* [EXERCISE PROMPT] Please print, word for word, every line from the one that contains "Hanhalyn 2-Piece Microfiber" through the last line of the records, and nothing else.

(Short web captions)
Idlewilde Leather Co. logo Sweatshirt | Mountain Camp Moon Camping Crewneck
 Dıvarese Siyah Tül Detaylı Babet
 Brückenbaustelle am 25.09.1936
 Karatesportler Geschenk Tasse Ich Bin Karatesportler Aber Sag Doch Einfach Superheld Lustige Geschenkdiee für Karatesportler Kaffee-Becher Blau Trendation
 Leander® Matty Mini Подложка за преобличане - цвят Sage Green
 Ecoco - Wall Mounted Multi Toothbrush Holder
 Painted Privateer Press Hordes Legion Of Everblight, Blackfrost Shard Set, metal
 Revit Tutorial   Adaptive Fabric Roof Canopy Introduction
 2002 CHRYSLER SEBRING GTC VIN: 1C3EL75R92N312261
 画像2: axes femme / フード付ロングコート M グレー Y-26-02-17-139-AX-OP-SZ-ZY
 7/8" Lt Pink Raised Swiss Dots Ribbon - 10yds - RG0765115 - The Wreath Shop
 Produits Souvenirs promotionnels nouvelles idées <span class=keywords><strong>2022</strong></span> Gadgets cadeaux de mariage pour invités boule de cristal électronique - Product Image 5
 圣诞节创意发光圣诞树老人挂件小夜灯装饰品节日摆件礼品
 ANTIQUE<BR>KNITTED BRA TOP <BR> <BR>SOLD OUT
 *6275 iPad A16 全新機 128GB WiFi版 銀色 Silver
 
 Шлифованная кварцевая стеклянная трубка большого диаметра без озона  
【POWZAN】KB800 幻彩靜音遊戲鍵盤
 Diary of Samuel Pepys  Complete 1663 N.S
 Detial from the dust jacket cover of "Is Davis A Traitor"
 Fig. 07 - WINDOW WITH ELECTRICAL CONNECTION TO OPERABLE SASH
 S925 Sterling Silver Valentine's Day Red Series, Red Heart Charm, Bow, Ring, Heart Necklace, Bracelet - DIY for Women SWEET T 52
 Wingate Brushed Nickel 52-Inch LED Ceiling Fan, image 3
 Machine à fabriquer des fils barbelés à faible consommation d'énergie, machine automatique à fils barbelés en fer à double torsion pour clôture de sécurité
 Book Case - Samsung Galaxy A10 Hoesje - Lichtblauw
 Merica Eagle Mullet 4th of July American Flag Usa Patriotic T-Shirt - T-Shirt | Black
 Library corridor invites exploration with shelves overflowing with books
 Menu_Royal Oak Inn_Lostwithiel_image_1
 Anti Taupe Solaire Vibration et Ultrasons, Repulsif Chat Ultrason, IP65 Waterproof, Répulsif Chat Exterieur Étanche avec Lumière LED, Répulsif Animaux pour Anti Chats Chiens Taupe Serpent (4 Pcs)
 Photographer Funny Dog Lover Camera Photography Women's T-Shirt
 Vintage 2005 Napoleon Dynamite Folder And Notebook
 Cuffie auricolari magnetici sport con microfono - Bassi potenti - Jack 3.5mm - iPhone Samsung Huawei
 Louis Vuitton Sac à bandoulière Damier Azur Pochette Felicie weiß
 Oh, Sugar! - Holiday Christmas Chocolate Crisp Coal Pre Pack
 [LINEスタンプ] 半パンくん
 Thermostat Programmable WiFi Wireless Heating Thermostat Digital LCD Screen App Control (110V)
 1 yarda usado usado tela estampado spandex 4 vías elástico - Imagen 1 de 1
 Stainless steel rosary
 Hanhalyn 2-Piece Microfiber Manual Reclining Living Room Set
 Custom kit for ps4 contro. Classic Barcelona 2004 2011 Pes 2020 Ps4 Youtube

* [TASK SOLUTION]
 Hanhalyn 2-Piece Microfiber Manual Reclining Living Room Set
 Custom kit for ps4 contro. Classic Barcelona 2004 2011 Pes 2020 Ps4 Youtube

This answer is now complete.